Provide a character-exact reproduction of the lines from the line with "Отель Villa Poseidon, фото 22" to the end of the entries.
------------------------------------------------
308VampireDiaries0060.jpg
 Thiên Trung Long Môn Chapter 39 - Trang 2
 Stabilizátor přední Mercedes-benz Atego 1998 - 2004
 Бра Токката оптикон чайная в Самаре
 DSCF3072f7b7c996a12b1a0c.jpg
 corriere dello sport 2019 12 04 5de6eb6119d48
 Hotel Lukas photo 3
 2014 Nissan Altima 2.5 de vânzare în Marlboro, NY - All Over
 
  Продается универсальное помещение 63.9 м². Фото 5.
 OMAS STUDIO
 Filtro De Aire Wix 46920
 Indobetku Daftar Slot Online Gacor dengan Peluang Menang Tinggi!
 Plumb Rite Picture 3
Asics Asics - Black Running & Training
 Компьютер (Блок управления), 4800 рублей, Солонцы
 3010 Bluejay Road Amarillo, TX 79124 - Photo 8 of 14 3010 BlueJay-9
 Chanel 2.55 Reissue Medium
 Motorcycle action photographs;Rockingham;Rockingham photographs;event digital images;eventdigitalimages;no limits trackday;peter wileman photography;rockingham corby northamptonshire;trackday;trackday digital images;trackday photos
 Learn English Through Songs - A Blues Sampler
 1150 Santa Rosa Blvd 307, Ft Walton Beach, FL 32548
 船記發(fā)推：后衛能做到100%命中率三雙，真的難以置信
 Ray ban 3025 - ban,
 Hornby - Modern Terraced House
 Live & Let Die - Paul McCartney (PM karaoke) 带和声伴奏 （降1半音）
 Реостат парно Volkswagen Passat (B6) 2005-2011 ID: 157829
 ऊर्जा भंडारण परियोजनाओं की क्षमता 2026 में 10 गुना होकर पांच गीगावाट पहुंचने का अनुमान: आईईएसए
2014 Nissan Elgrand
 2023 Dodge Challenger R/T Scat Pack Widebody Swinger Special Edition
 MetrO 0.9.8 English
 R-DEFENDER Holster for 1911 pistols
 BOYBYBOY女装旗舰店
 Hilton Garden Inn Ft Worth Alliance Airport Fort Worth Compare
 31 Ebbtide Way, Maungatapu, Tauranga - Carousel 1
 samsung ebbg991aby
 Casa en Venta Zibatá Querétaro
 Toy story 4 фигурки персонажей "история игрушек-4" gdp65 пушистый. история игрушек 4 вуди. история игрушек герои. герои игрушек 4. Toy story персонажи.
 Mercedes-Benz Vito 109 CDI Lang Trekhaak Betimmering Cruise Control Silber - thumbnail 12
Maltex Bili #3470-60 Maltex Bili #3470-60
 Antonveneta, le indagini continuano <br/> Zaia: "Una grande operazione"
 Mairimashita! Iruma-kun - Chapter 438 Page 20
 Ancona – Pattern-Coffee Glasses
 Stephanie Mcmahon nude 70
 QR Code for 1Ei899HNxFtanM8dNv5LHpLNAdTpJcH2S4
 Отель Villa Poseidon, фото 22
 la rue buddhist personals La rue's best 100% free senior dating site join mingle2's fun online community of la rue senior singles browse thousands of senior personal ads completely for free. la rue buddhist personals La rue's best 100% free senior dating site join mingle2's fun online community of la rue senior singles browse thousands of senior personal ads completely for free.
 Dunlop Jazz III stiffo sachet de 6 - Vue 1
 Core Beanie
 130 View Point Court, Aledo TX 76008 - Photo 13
------------------------------------------------
*Final answer*
 Отель Villa Poseidon, фото 22
 la rue buddhist personals La rue's best 100% free senior dating site join mingle2's fun online community of la rue senior singles browse thousands of senior personal ads completely for free. la rue buddhist personals La rue's best 100% free senior dating site join mingle2's fun online community of la rue senior singles browse thousands of senior personal ads completely for free.
 Dunlop Jazz III stiffo sachet de 6 - Vue 1
 Core Beanie
 130 View Point Court, Aledo TX 76008 - Photo 13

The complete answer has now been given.